10There are oh-my-goodness so many languages in this world. And every last one of them makes sense. 11But if someone starts talking to me in a language I don’t understand, we’re foreigners to each other. 12That’s how it is when you talk in the mysterious language of tongues. Since you’re so eager to experience spiritual gifts, go after the ones that strengthen the church.
Heavenly Language Needs to Be Interpreted
13So if you speak in tongues, pray for one more gift: the ability to interpret what you said. 14When I pray in the heavenly language of tongues, it’s my spirit that’s praying. My mind has no idea what my spirit is saying. 15What can I do about this? I’ll tell you what. I’ll go ahead and pray with my spirit. But I’ll also pray with my mind and with words I understand. I’ll sing praise with my spirit too. And I’ll sing praise with my mind as well.16If all you do is praise God with your spirit, what happens when a newcomer shows up?
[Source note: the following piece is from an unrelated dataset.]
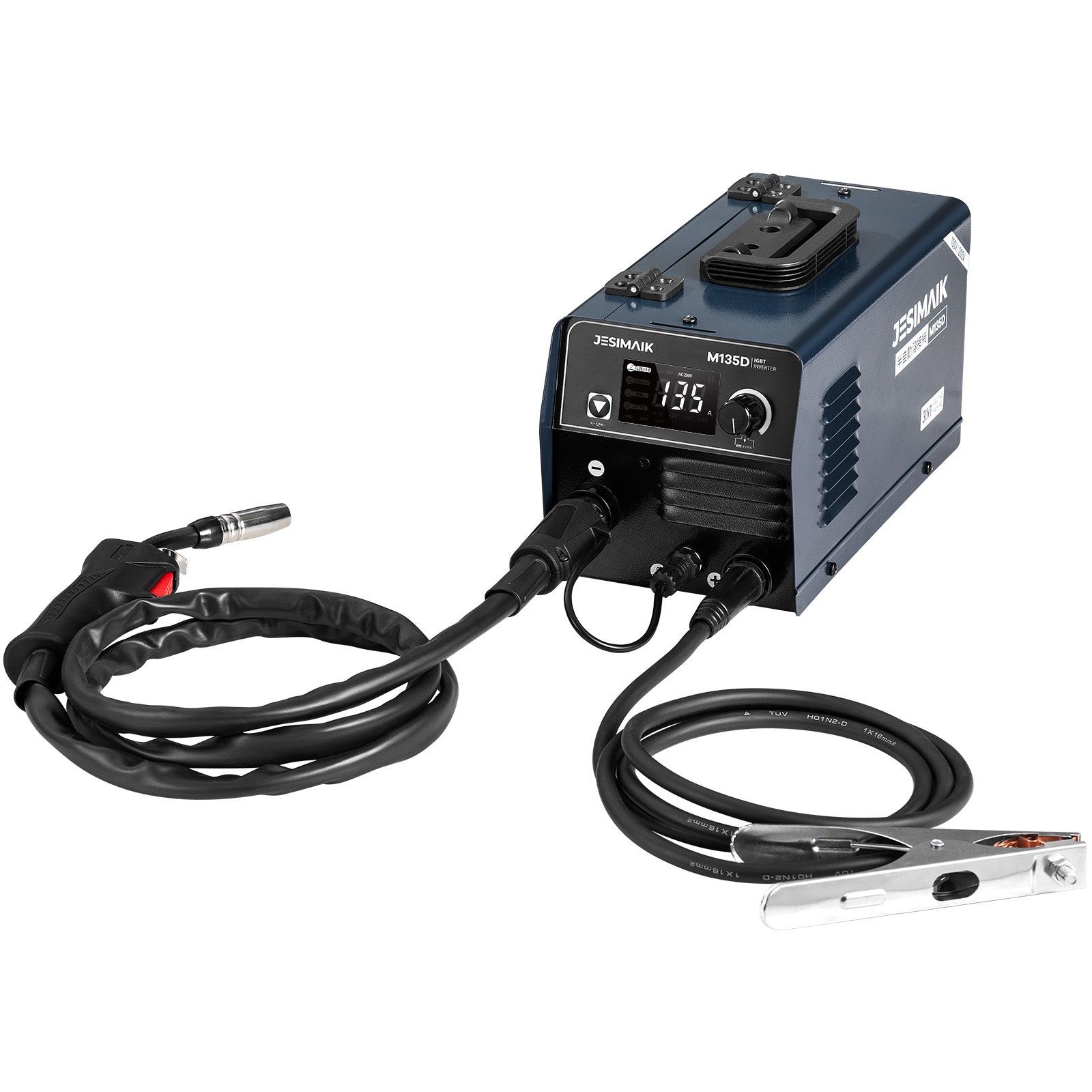 3in1 半自動溶接機 M135D – JESIMAIK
How’s he going to say a hearty amen to the gratitude you’re expressing if he doesn’t have a clue what you’re saying? 17Certainly you’re giving thanks. But you’re not doing anyone else any favors.
18I speak in the heavenly language of tongues more than any of you. And I thank God for it. 19I’ll tell you this, in a church service I’d rather say five simple words that make sense to me rather than 10,000 words in a language no one on earth understands.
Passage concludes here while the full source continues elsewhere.